Introduction
-
Activation Function : is a function to induce non-linearity into the output of the neuron for the given input.
-
Non-Linearity : Functions that do not satisfy the following linearity.
- $ f(x+y) = f(x)+f(y), \quad f(\alpha x) = \alpha f(x)$
-
Why Non-Linearity ? : because composites of linear functions are linear again
-
if output $f(x)$ of neuron is linear form like $wx + b$,
-
Even if the depth of the layer increases, it is just modeling another linear function $f(f(f(..(x)) = w’x+b'$
-
-
Role of bias : It’s similar to the constant b of a linear function y=ax+b. It allow you to move the line up and down to fit the prediction with the data better.
- Without $b$, the line always goes through the origin (0,0) and you may get a poorer fit.
-
1. Sigmoid / Logistic
-
Advantages :
-
Smooth gradient : preventing “jumps” in output values
-
Clear predictions : for $x$ above 2 or below -2, output tends to be at the edge of the curve, very close to 0 or 1.
-
-
Disadvantage:
-
Vanishing gradient : for very high or low values of X, there’s no change to the prediction, causing a vanishing gradient problem. This can result in the network being too slow to reach an accurate prediction.
-
Outputs not zero centered
-
Computationally expensive
$$ \sigma (x) = (1+e^{-x})^{-1} \ \sigma’(x) = \sigma(x) (1-\sigma(x)) $$
-
2. Tan H
-
Properties :
-
Zero Centered : make it easier to model inputs that have strongly negative,neutral, and strongly positive values
-
Same with Sigmoid funtion
$$ tanh(x) = \frac{sinh(x)}{cosh(x)}=\frac{e^x-e^{-x}}{e^x+e^{-x}} \ tanh’(x) = 1 - tanh^2(x) $$
-
3. ReLU (Rectified Linear Unit)
-
Advantages :
-
Computationally efficient : allows the network to converge very quickly
-
Non-Linearity: although it looks like a linear function, ReLU has a derivate fuction and allows for backpropagation.
-
-
Disadvantage:
- Dying ReLU : when inputs approach zero, or are negative, the gradient of the function becomes zero, the network cannot perform backpropagation and cannot learn.
$$ ReLU = \begin{cases} :x :: (x>0) \\ 0 :: (x<0) \end{cases} $$
4. Leaky ReLU
-
Properties :
- alleviate Dying ReLU : To resolve dying ReLU problem, leaky ReLU has non zero outputs with negative input, thus the gradient does not become zero.
$$ \text{Leaky ReLU} = \begin{cases} :x :: (x>0) \\ 0.01x :: (x<0) \end{cases} $$
5. ELU (Exponential Linear Units)
-
Properties :
-
alleviate Dying ReLU : To resolve dying ReLU problem, ELU has non zero outputs with negative input, thus the gradient does not become zero.
-
more computation : ELU has exponential function that ReLU doesn’t have, thus it costs bit more than ReLU.

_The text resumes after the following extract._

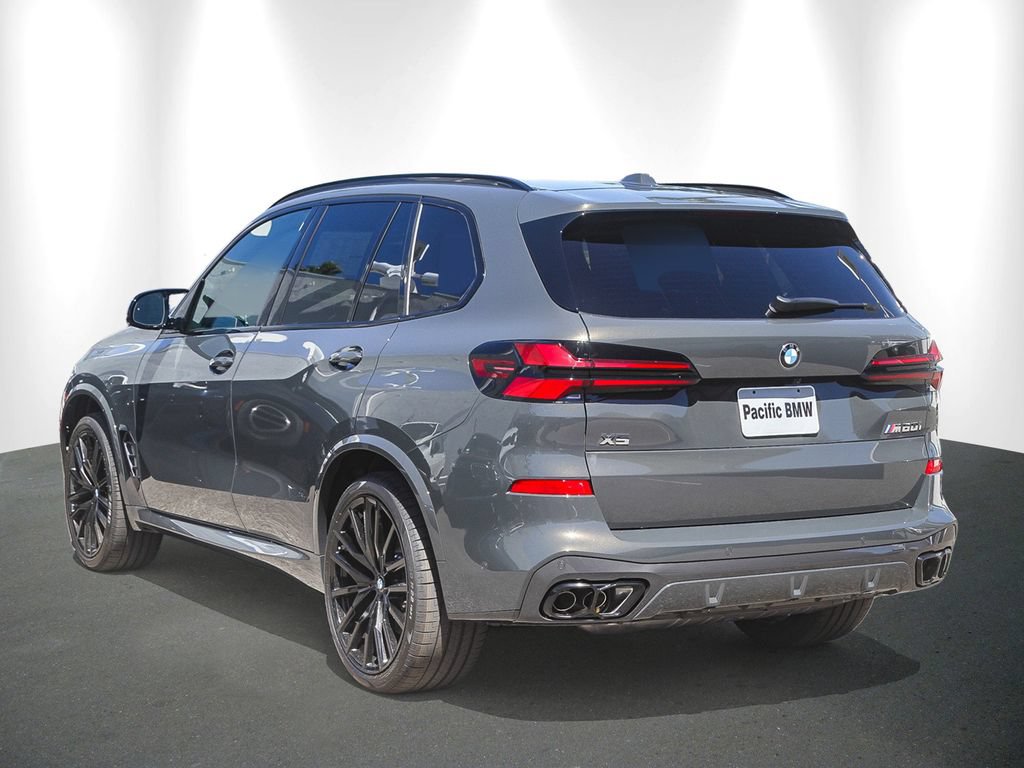 New 2026 BMW X5 M60i w/ Executive Package AWD/4WD image 4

$$ \text{Leaky ReLU} = \begin{cases} :x :: (x>0) \\ \alpha(e^x -1) :: (x<0) \end{cases} $$
-
6. Swish (Scaled Exponential Linear Units)
-
Properties :
-
Unboundeness : Unlike sigmoid and Tanh functions, Swish is unbounded above which makes it useful near the gradients with values near to zero. This feature avoids saturation as training becomes slow near zero gradient value.
-
Smoothness of the curve : plays an important role in generalization and optimization. Unlike ReLU, Swish is a smooth function which makes it less sensitive to initializeing weights and learning rate.
-
Bounded Below : Like most of the activation functions out there, Swish is also bounded below which helps in strong regularization effects. Like ReLU and softplus, Swish produces negative outputs for small negative inputs due to its non-monotonicity. The non-monotonicity of Swish increases expressivity and importves gradient flow, Which is important considering that many preactivation fall into this range.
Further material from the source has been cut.